I'm clueless, as are the guys i know that make hay.

Any suggestions would be greatly appreciated.


----------



## broadriverhay (Jun 13, 2014)

The back wall where the feeder is can be moved inward. I had to move mine in to properly bale Bermuda. I have a NH 273.


----------



## Coondle (Aug 28, 2013)

I assume from your post that the problem is not enough hay on the left side of the bale as it exits the baler and the bale bellies out in the middle of the right side.

If so, you have identified the usual solution and that is to move the packer teeth more to the left to deliver the charge of hay they are carrying further to the left side of the chamber.

Can the teeth be moved further left?

Another possible cause of banana shape is hay dog failure on the one side.

Check that all hay dogs are not frozen with rust and dirt and that all hay dog springs are in good condition, not weak or broken. Long time since I saw a super 68 but most balers have 3 hay dogs on top of the bale case and three on the bottom just into the bale case or chute immediately outside the bale chamber.

If you look at the face of the plunger you will see little slots in the top edge and bottom edge for the hay dogs to run in. They are pushed out of the bale case against the spring load by the slice or biscuit of hay being compressed into the bale case by the plunger. They bounce back into the bale case after the passage of the plunger to hold the newly compressed slice in the bale case.
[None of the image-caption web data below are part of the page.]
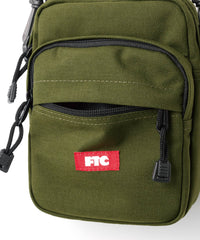 FTC SHOULDER BAG
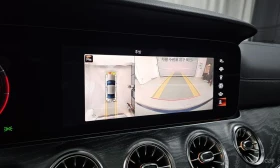 Mercedes-Benz CLS 450 4MATIC* AMG LINE* BURMESTER* ОБДУХ* 360* КРАЙНА ЦЕ | Auto.bg — изображение 13 Mercedes-Benz CLS 450 4MATIC* AMG LINE* BURMESTER* ОБДУХ* 360* КРАЙНА ЦЕ | Auto.bg — изображение 13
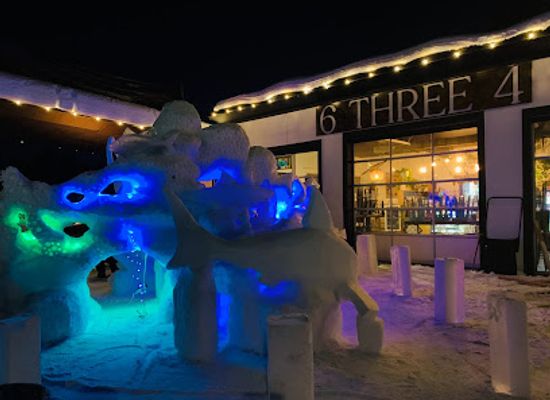 idaho/mccall/nightclub/cafe-6-three-4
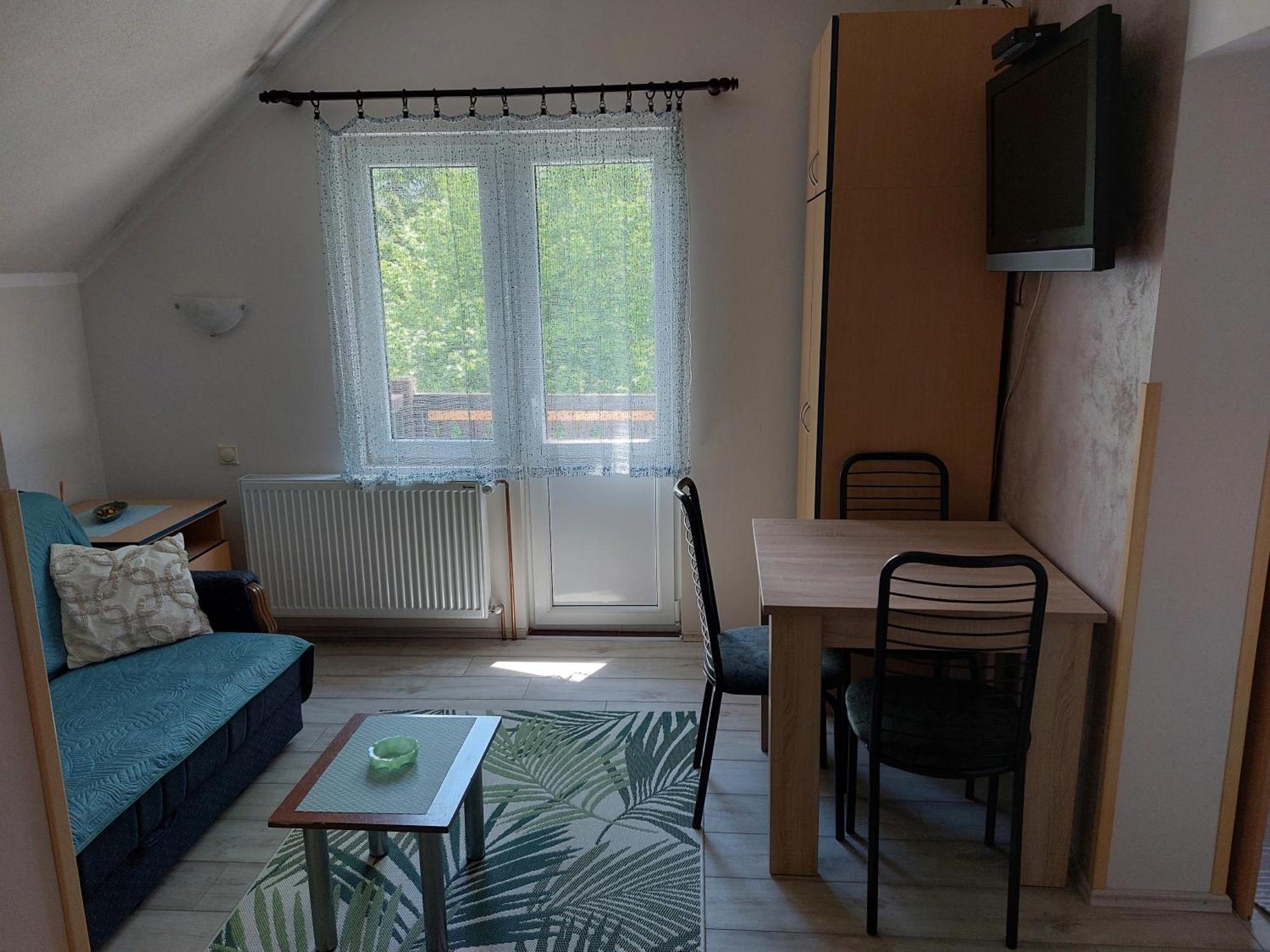 Apartment Eho Zlatibor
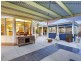 53-55 Woods Road, St Albans Park VIC 3219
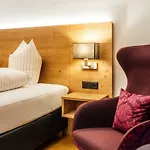Hotel-restaurant Bellevue 3* فيلمز
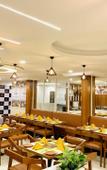 Туры в отель Hotel Signature Airport zone hyderabad Туры в отель Hotel Signature Airport zone hyderabad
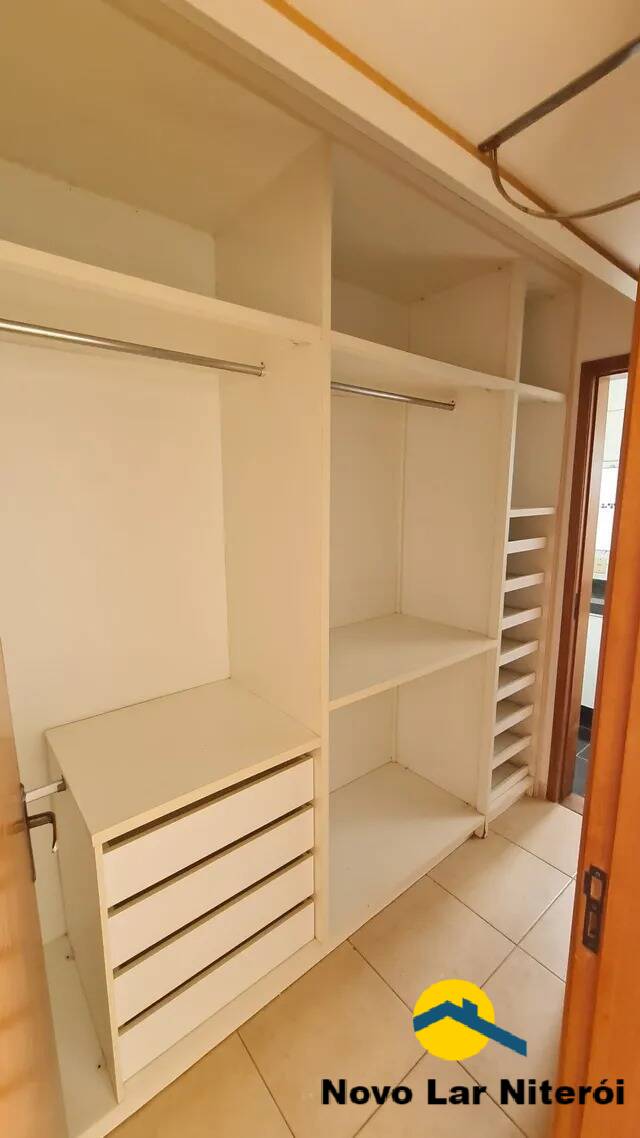 Casa à venda com 3 quartos, 168m² - Foto 13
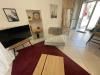 Casa indipendente in vendita ristrutturato a Pomigliano d'Arco - 07, Foto 7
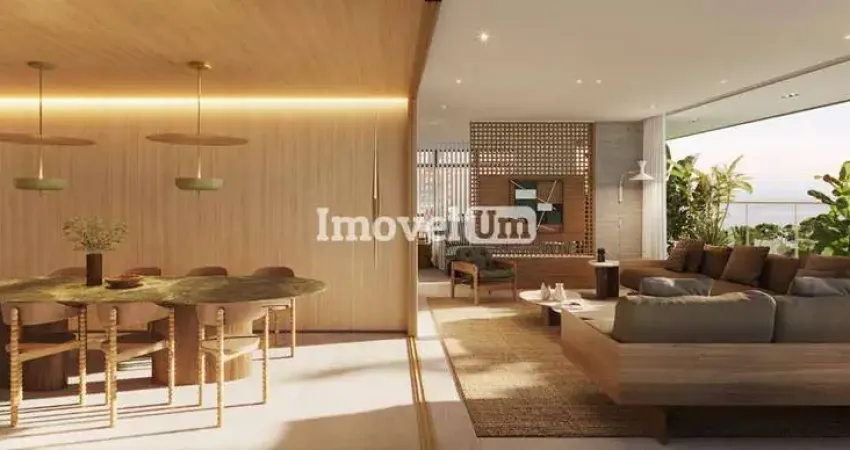 Apartamento com 3 quartos à venda na Rua Prudente de Morais, Ipanema, Rio de Janeiro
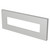manufacturer_finish:Satin Nickel|color_temperature:3000K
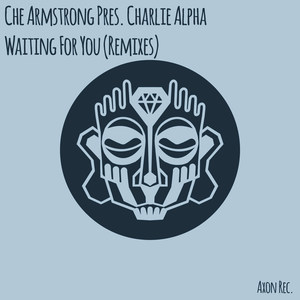 Waiting for You (Remixes)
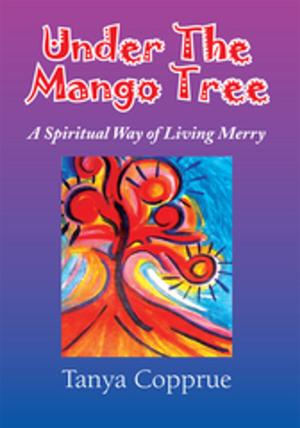 bigCover of the book Under the Mango Tree by 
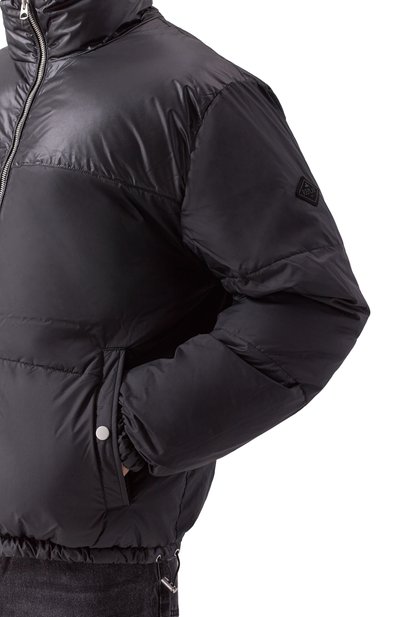 Пуховик REPLAY, арт. M8479 .000.85304, фото 5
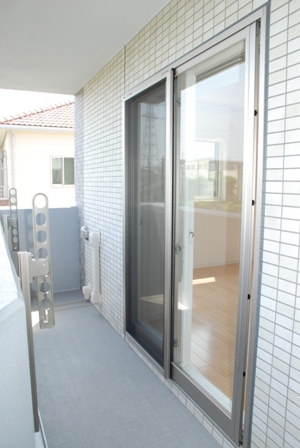竣工・お引き渡し_a0168735_14222659.jpg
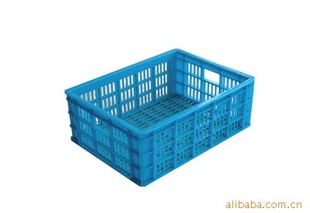 ʯׯ450ϵת-ת۸-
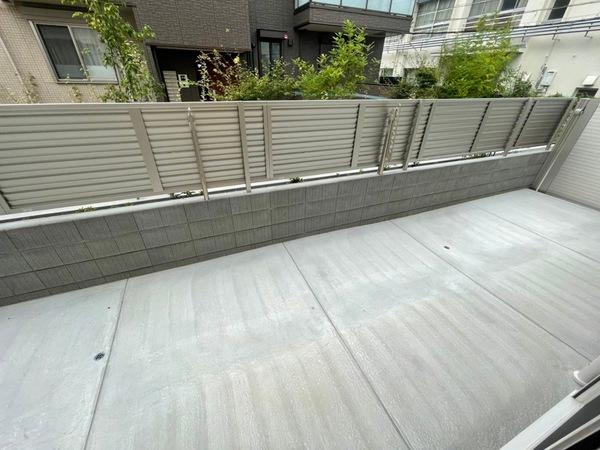 富田林市谷川町のマンション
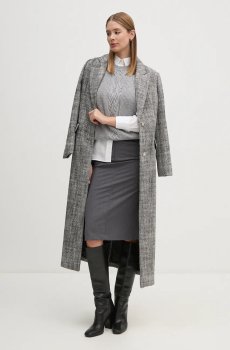 Хлопковая рубашка Pepe Jeans RITA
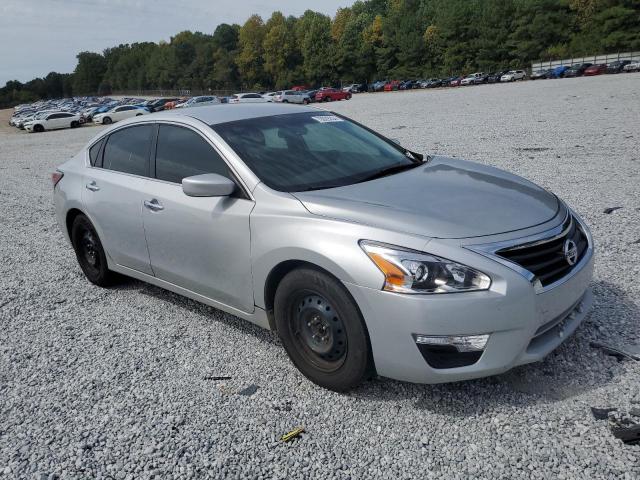 Photo 4 from auction – 2014 NISSAN ALTIMA 2.5 with VIN 1N4AL3AP5EC195615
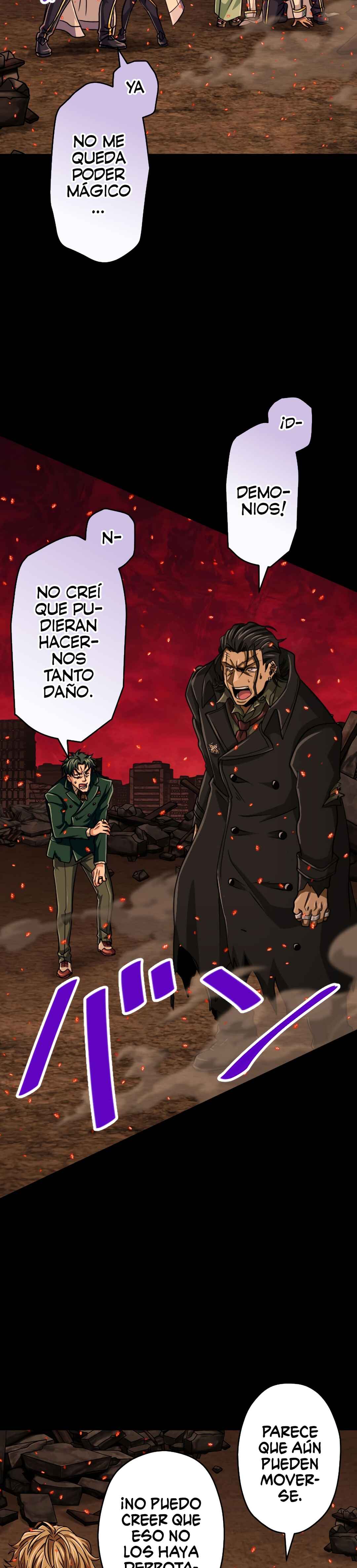 Chapter 93 - Page 35
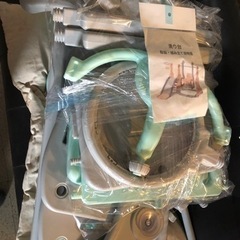 金曜日　倉敷限定！ベビー　キッズジム　　　　の画像
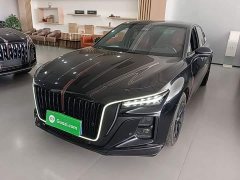 FAW H5 2.0T Edition - ფოტო 2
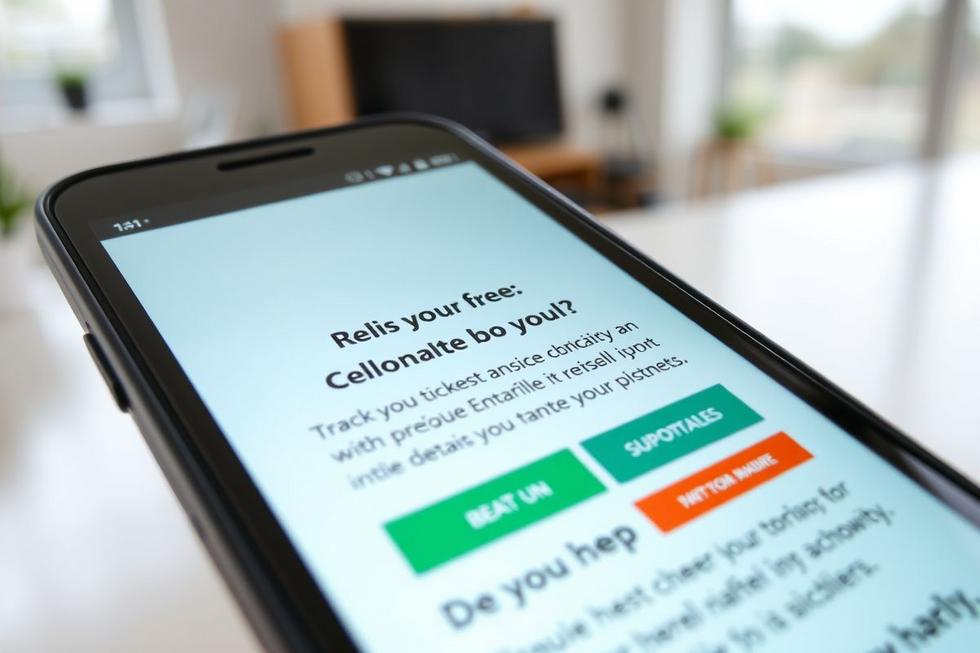Email Marketing Segmentado para Fidelizar Clientes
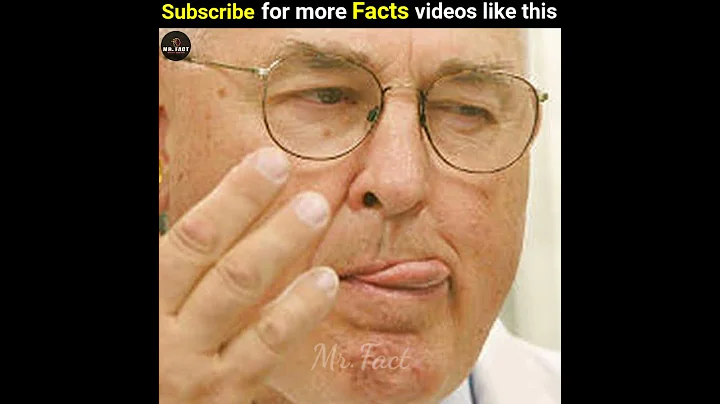 #shorts ||Top 6 Amazing and interesting Facts😲 ||Mr.Fact|| #factshorts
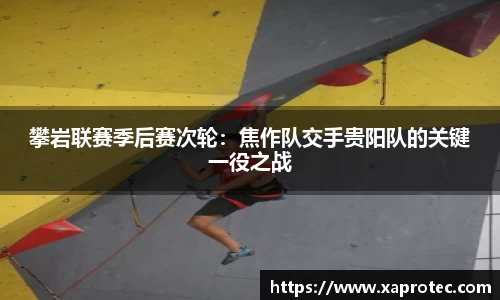 芒果体育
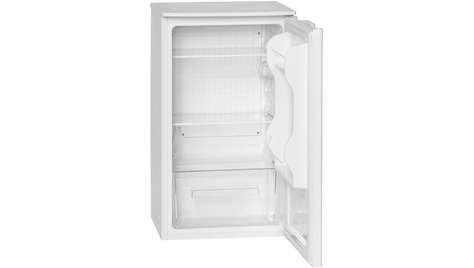 Холодильник Bomann VS 169.1 89L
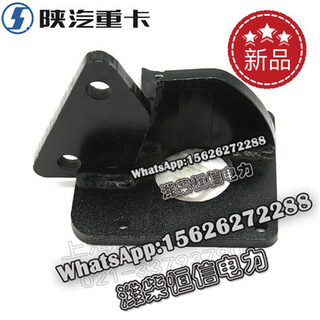 SHACMAN F3000 NEW M3000X3000 Clutch cylinder bracket assembly SZ920000718 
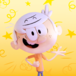 Lincoln Loud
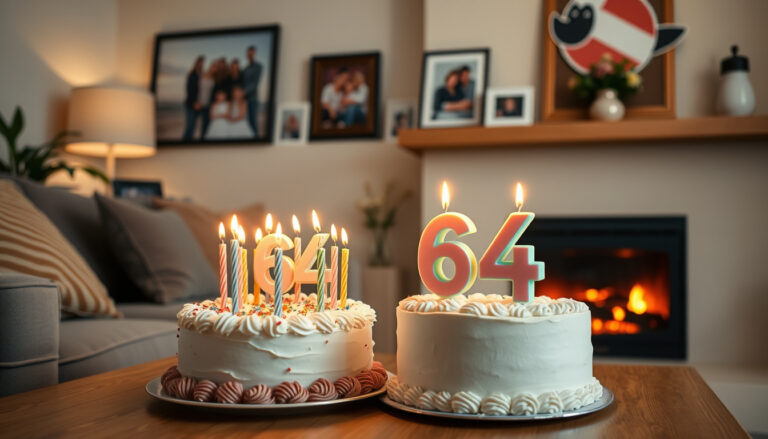 Anne Cassin Age: 64, Birthday, Husband, Children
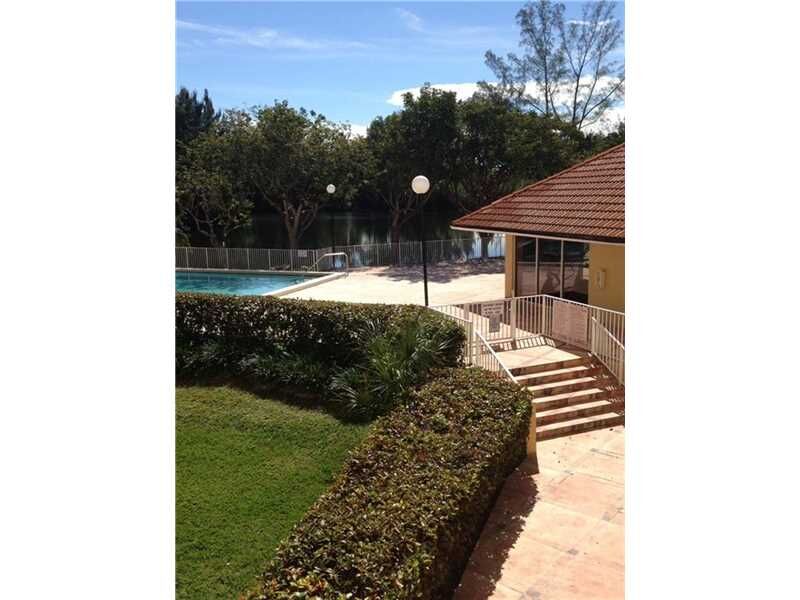 Property Photo:  8200 SW 210th St 101  FL 33189 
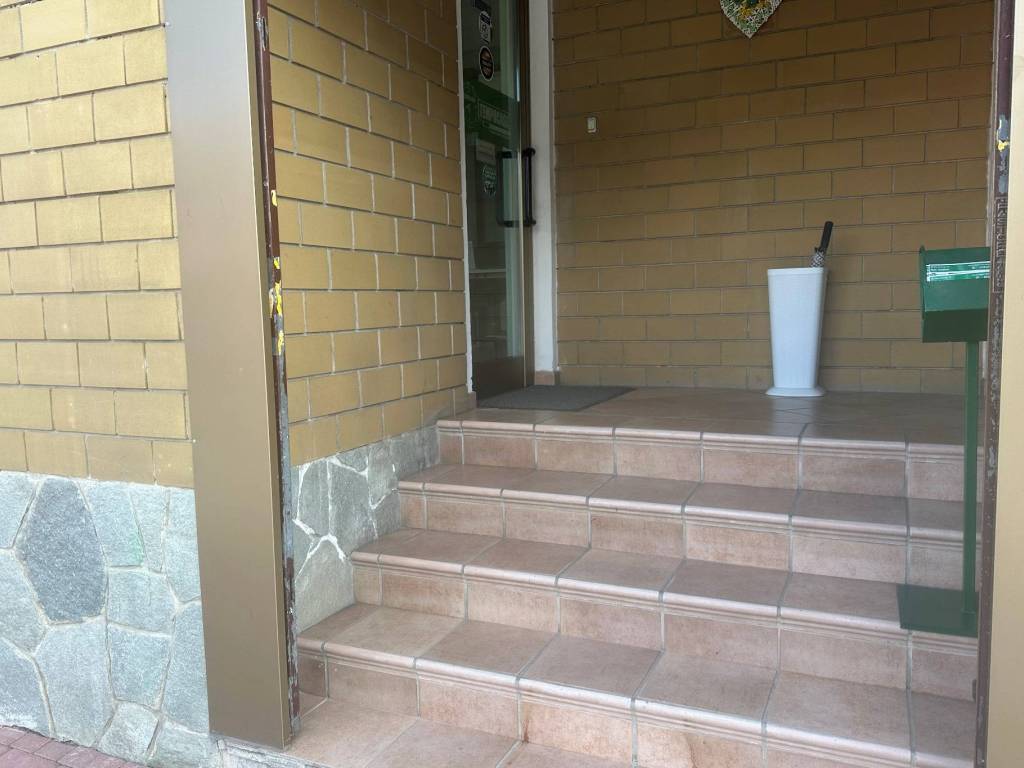 Immobile a Buttigliera alta in Corso Superga, 14 - Foto 4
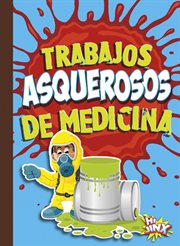 Trabajos Asquerosos De Medicina cover image cdn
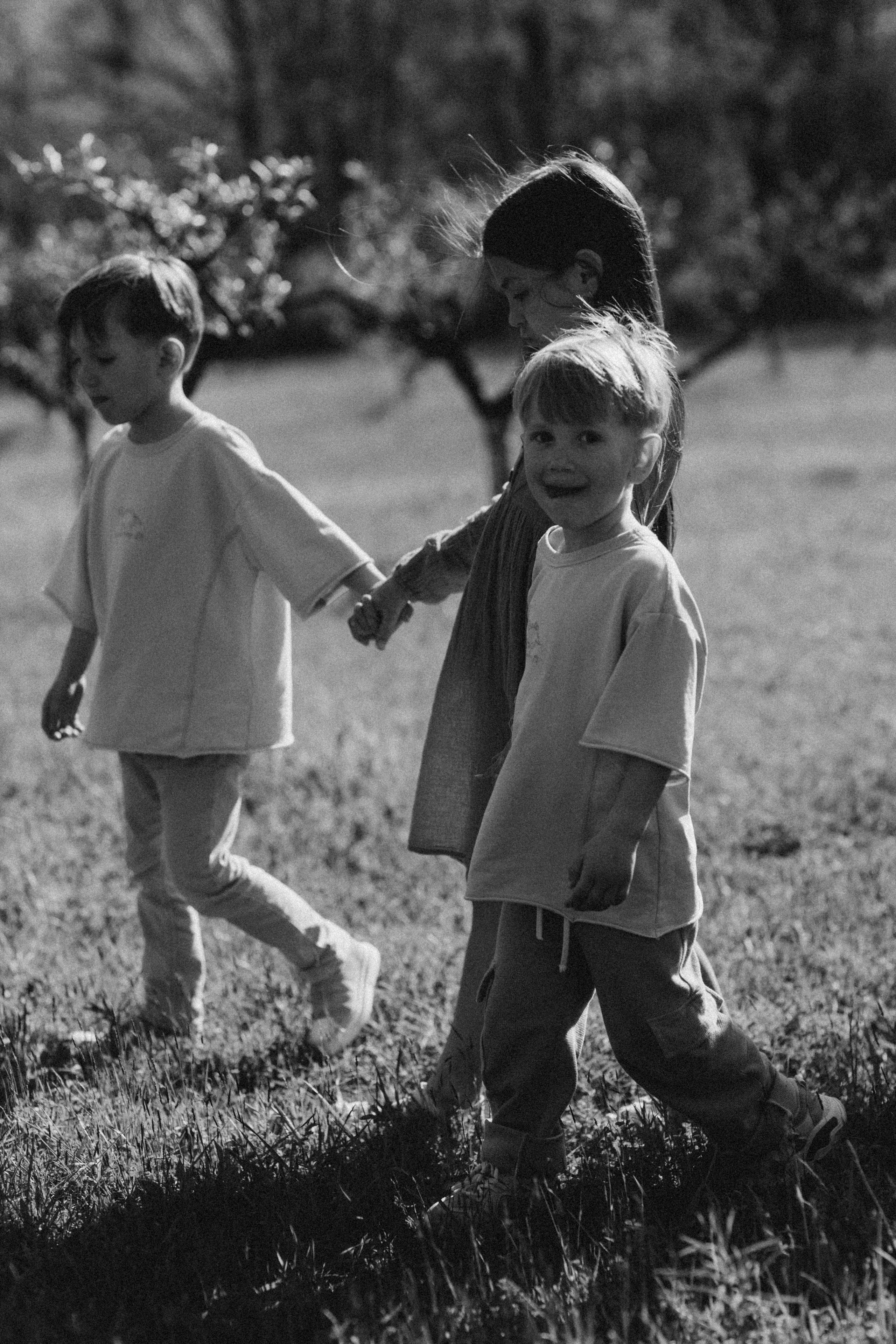 Больше фото здесь. SOLO съемки для женщин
A malfunctioning hay dog allows spring back of the hay just compressed by the plunger which uses up space in the chamber preventing the incoming charge of hay moving all the way left. May not manifest as a banana bale unless the two (Upper and lower ) hay dogs on the one side fail.

Hope that helps.


----------



## broadriverhay (Jun 13, 2014)

Yeah like Coondle said check the dogs, my upper ones were packed with dirt and trash and not functioning properly. I had forgotten about them.


----------



## mko219 (Jul 31, 2014)

I think i'm talking about the same thing here, but this baler is OLD.

To be clear they are fingers about 3 inches or so long that are on springs and move out of the way when the plunger comes in...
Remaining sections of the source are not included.